About this exercise — Transcribe everything in the listing below exactly, except the pictures.

Dataset extract —
◇ ◇ ◇ ◇ ◇ ◇ ◇

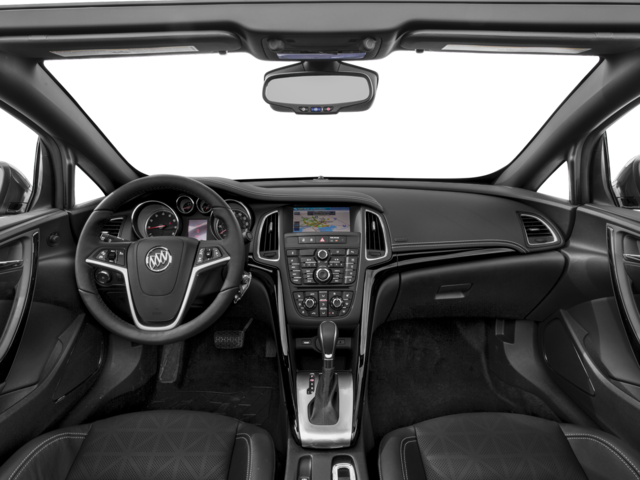 2017 Buick Cascada Premium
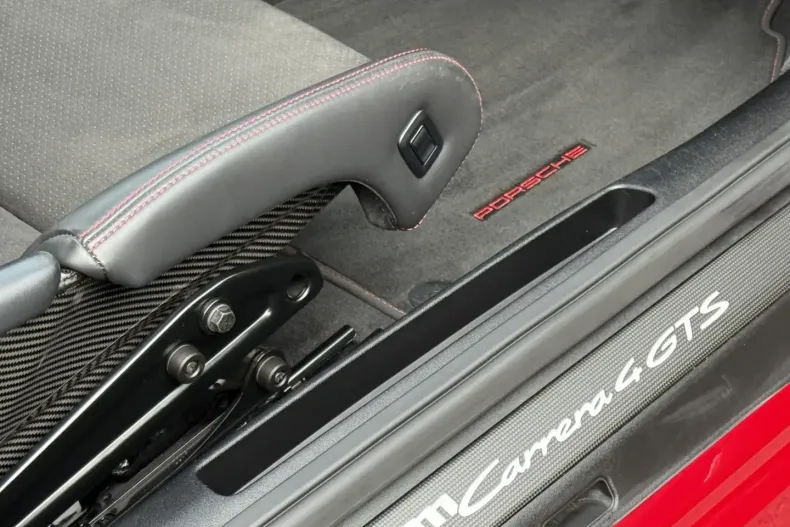 Porsche 992 din 2023 cu 11.300 km - oferta POR196706 - foto 18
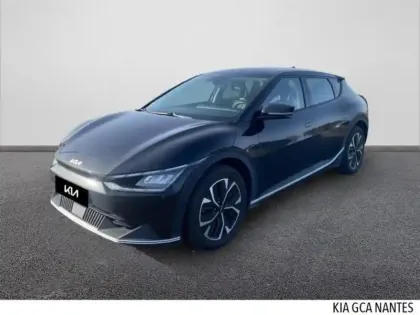 Photo Kia Ev6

◇ ◇ ◇ ◇ ◇ ◇ ◇

Written response —
 2017 Buick Cascada Premium
 Porsche 992 din 2023 cu 11.300 km - oferta POR196706 - foto 18
 Photo Kia Ev6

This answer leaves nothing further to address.